In .NET we have a lot of DataContext classes, so in the sense that you want names to appropriately communicate what the class does, I think XyzQueueDataContext properly communicates what the class does - although you can't query from it.
If you want to stay more aligned to accepted pattern languages, Patterns of Enterprise Application Architecture calls any class that encapsulates access to an external system for a Gateway, while more specifically you may want to use the term Channel in the language of Enterprise Integration Patterns - that's what I would do.
Q: Is it a poor practice to name the Queue Action Name in the manner I have done?
Well, it certainly tightly couples the queue name to the class. This means that if you later decide that you want to decouple those, you can't.

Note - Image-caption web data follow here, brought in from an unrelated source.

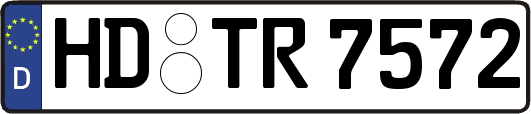 HD-TR7572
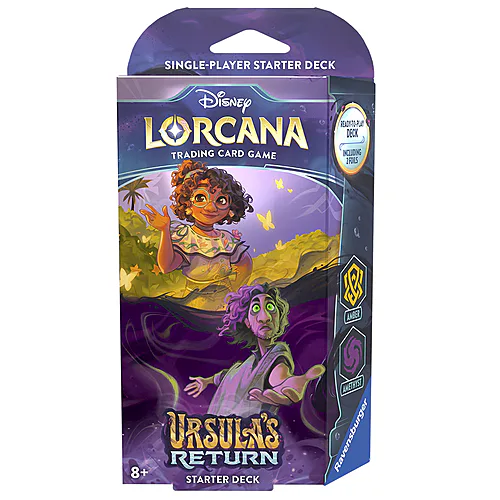 Ursula's Return: Amber & Amethyst Starter Deck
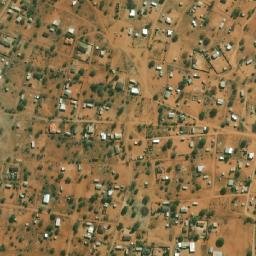 Satellite imagery of Sapolamorori Hill, BW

As a general comment I think this class might benefit from trying to do less. Using the queue is not the same thing as managing it, so instead of having all of that queue management code there, I'd suggest injecting a CloudQueue into the instance. Here's how I implement my AzureChannel constructor:
private readonly CloudQueue queue;
public AzureChannel(CloudQueue queue)
{
if (queue == null)
{
throw new ArgumentNullException("queue");
}
this.queue = queue;
}
This better fits the Single Responsibility Principle and you can now implement queue management in its own (reusable) class.